Three holes were surveyed at the Yepleu deposit, one hole at the Samapleu Main and one hole at the Samapleu Extension 1 deposits.
Preliminary inspection of the data indicate strong Electromagnetic (“EM”) responses on all holes surveyed. Detailed interpretation and modelling is in progress for the following geophysical anomalies:
Hole Location Response: Depth from surface in meters ("m")
SM34-570407 Extension 1 - EM anomaly at around 280-320 m
SM44-525290 Samapleu Main - EM anomaly at around 150 m
YE31-637117 Yepleu - EM anomaly at around 120 m
YE31-694543 Yepleu - EM anomaly at around 160 m
YE23-398223 Yepleu - EM anomaly at around 40 m
“The survey was performed extremely well by Abitibi Geophysics,” stated Dr. Marc-Antoine Audet, President and CEO. “We look forward to some very good drilling targets from the modelling.” “We are working on this as top priority,” added Mr. Card, Senior Geophysicist for Southern Geoscience Consultants.
The Yepleu discovery is located 18 kilometers (“km”) southwest of the Samapleu nickel-copper-palladium deposits. Regional geological mapping has identified that the geological host of the newly discovered Yepleu nickel-copper-palladium mineralization extends beyond the original 3 km by 600 to 800m to an area as vast as 6 km x 4 km (Refer to News Release dated February 03, 2014).

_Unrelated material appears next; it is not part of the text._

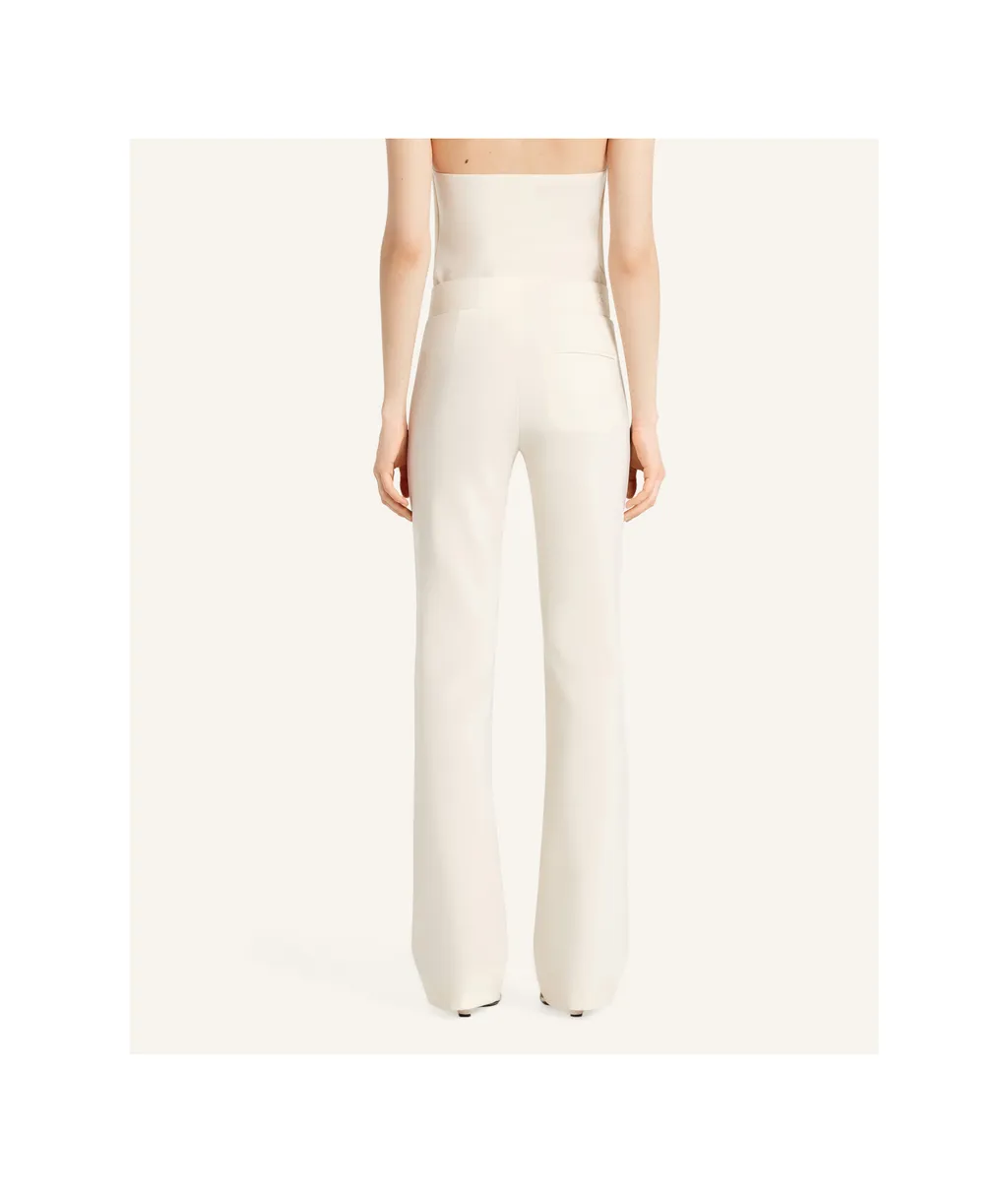 Pocket-Detail Trousers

A total of 18 diamond drilling holes for 3,320m were drilled at the Yepleu discovery testing the large sub-horizontal mineralized layer associated with pyroxenite, gabbro-norite and diorite units been part of the newly identified and described Yacouba Layered Complex (Gouedji et al., submitted to Bulletin de la Société Géologique de France (BSGF), January 24, 2014). Exploration results for all drilled holes at Yepleu will be announced in a subsequent press release.
Exploration Model and Targets
Exploration to date has focused mostly on shallow targets (<150m) at the Samapleu and Yepleu deposits. Sama believes that mineralization at the Samapleu deposits could plunge deeper and could extend laterally as suggested by responses obtained from the Helicopter Electromagnetic survey completed in January 2013 and by the current DHEM survey.

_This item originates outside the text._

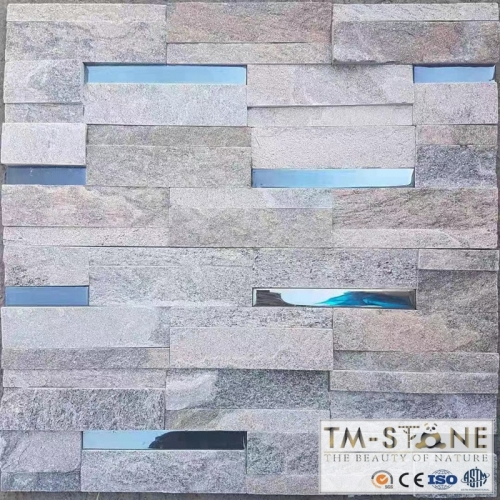 TM-W005G Glass Slate Wall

At Yepleu, the Company is chasing embayments or structural features that would have trapped mineralised pyroxenite within the sub-horizontal layered complex assemblage.

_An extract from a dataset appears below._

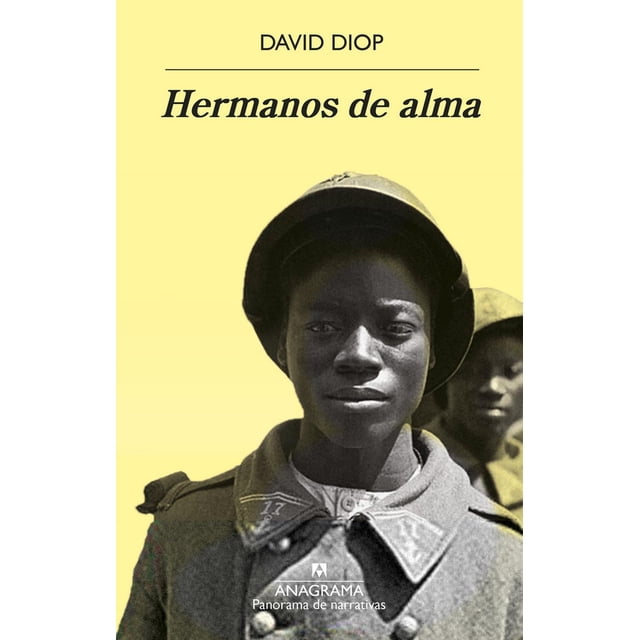 Hermanos del alma Anagrama 9788433980526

The technical information in this release has been reviewed and approved by Dr. Marc-Antoine Audet, P.Geo and President and CEO of Sama, and a ‘qualified person’, as defined by National Instrument 43-101, Standards of Disclosure for Mineral Projects.
For more details, the reader is invited to review Sama’s updated compilation on its website at: http://www.samaresources.com/i/pdf/Sama_Corporate_Presentation.pdf
“Samapleu poly-metallic deposits will give Sama the opportunity to become the first poly-metallic producer in West Africa.”
The Samapleu deposit is comprised of disseminated and semi-massive to massive sulphide mineralization hosted by a mafic-ultramafic intrusion located in the southern border of an early Proterozoic age deformation zone affecting the Archean Charnockitic shield. Mineralization is strata bound within pyroxenite layers of the Samapleu mafic-ultramafic complex.
The disseminated mineralization is typically characterized by fine isolated grains to large granular aggregates of iron, nickel and copper sulphides. Sulphide phases observed so far include pyrrhotite, chalcopyrite, pentlandite and minor pyrite. Pentlandite occurs as inclusions in pyrrhotite. Disseminated sulphide occurs as fine grains of 0.5 to 1 mm in diameter, showing a high ratio of pyrrhotite versus chalcopyrite. Sulphide veinlets and fine filaments are also present. Composite grains of sulphide material are dominant, forming sulphide masses of odd shapes ranging from a few millimeters up to several centimeters in any one dimension.